Epaisse (186 pages), complétée par moult interviews et un suivi de l'actualité, la version 2015 laisse un goût amer. Après un pic de violences lié aux débats sur la loi ouvrant le mariage et l'adoption à tous promulguée en 2013, le calme, enfin, s'est-il installé l'an passé ? Point. Si les témoignages de victimes d'homo-lesbo-bi-transphobie ont chuté de 40 %, 1 318 Français ont encore sollicité l'écoute et le soutien des bénévoles de l'association SOS Homophobie. «Le nombre de témoignages reçus nous replace dans la proportion des chiffres enregistrés de 2006 à 2011, attestant d'une homophobie et d'une transphobie durablement installées», soulignent les auteurs du rapport, avant d'ajouter : «La parole homophobe libérée et médiatisée ces trois dernières années a légitimé une homophobie ordinaire qui s'exprime d'autant plus que les personnes LGBT sont désormais visibles.»

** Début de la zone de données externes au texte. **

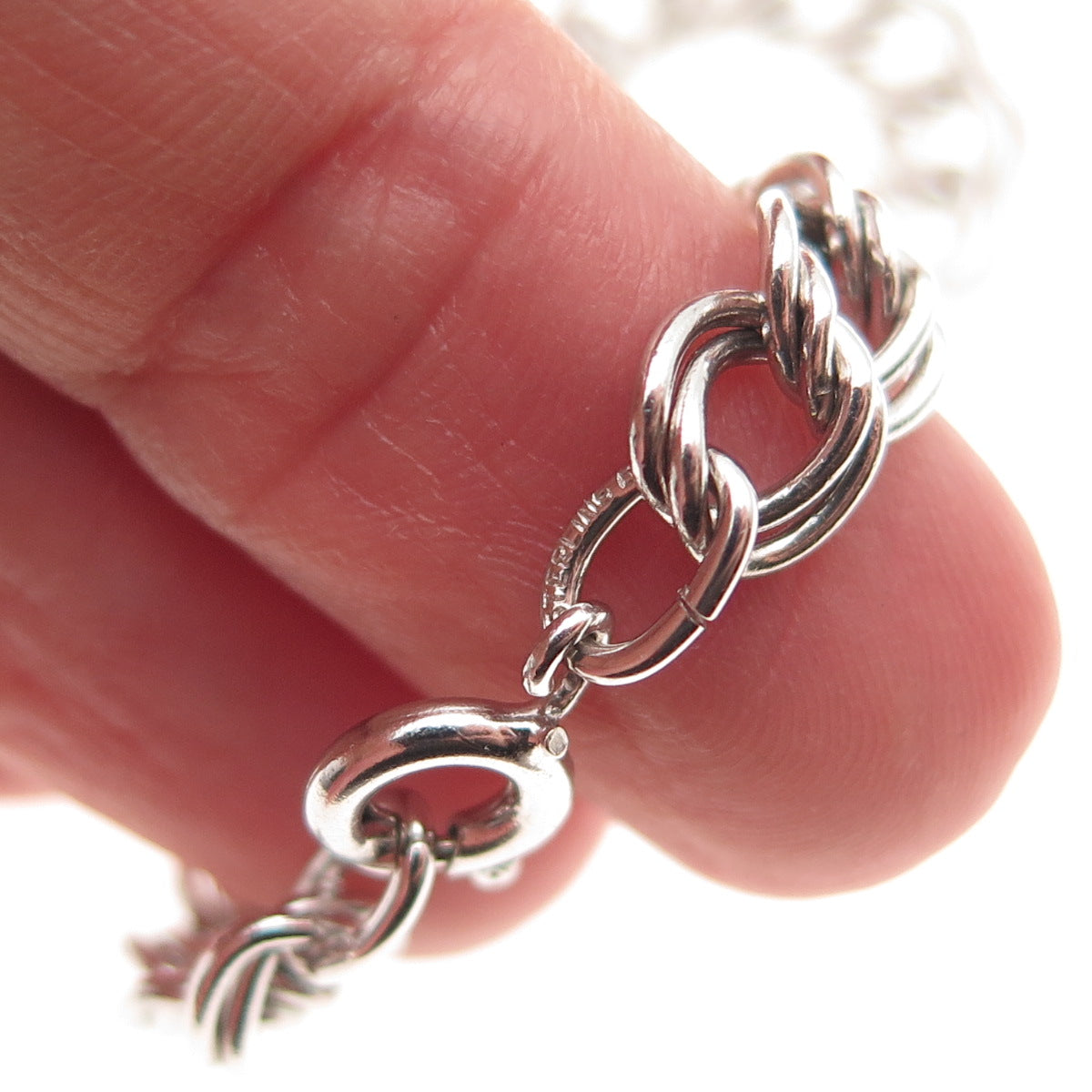 B.A. Ballou 925 Sterling Silver Vintage Double Curb Link Bracelet 7"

Dans le détail, l'édition 2015 révèle que les violences verbales et les agressions se produisent surtout sur Internet et dans des contextes liés à la vie quotidienne (famille, lieux publics…), frappant des victimes de plus en plus jeunes. Dans le texte, cela donne des aberrations comme cette mère qui lance à sa fille : «Etre gouine, c'est contagieux», ou cet internaute qui en commentaire : «Tu es une erreur de la nature, buveur de sperme.»
Pour les bénévoles de l'association, «en vingt ans, l'homophobie ordinaire, faite essentiellement d'ignorance et de rejet, s'est transformée en refus d'égalité et en violences». En 1996, dans la première édition du rapport, les auteurs espéraient «qu'un jour», leur raison d'exister disparaîtrait. On n'y est pas.